Notation | Quantity | SI Unit |
M | Mass of body | kg |
Me | Buffer design mass | kg |
S | Buffer stroke | m |
Ek | Kinetic energy | J |
Ed | Energy due to drive force Total energy | J |
ET | Total energy | J |
v | Velocity | m/s |
Fi | Inertial force | N |
Fd | Drive force | N |
FT | Total force | N |
n | Number of buffers in parallel | - |
ξ | Efficiency | - |
Eg.
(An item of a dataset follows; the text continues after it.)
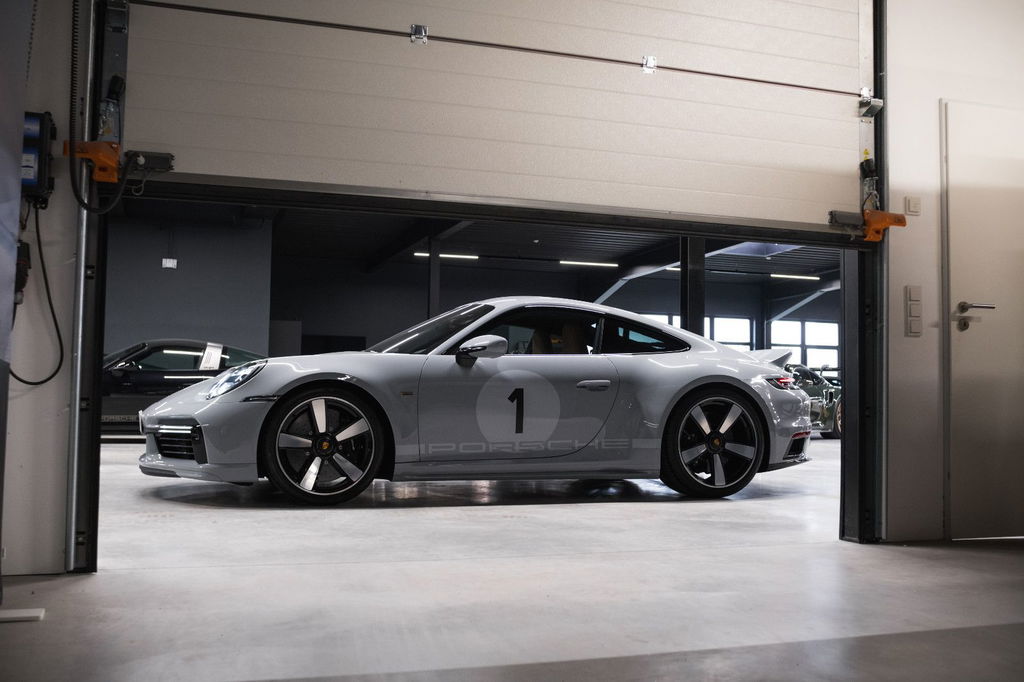 Porsche 992 Sport Classic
Consider a body of mass M = 20000kg (20 tonnes), moving at a velocity (v) of 1.5m/s with a drive force (Fd) of 20kN (20000N).
To find energy absorbed:
Ek = 1/2 Mv2 = ((20000kg)x(1.5m/s)2)/2 = 22500J = 22.5kJ
Let us therefore select a Type21-150
Ed = Fd.S = 20000N x 0.15m = 3000J = 3kJ
Total energy to be absorbed
ET=Ek+Ed=22500J+3000J=25500J=25.5kJ
To find the maximum impact force:
Fi max = Ek / (S. ξ) = 22500J / (0.15m)x(0.8) = 187500N = 187.5kN
Fd max = 20000N = 20kN
F T max = F i max + F d max = 187500N + 20000N = 207500N = 207.5kN
To find buffer design mass for metering pin selection:
Me = 2.ET / (n.v2) = 2 x 25500J / (1 x (1.5m/s)2 = 22667kg = 22.667 tonnes
Select a Type 21-150 buffer with a dynamic capacity of 30kJ and a maximum permissible load of 250kN, to meet these requirements.Therefore select metering pin code 155, for masses up to 25000kg (25 tonnes).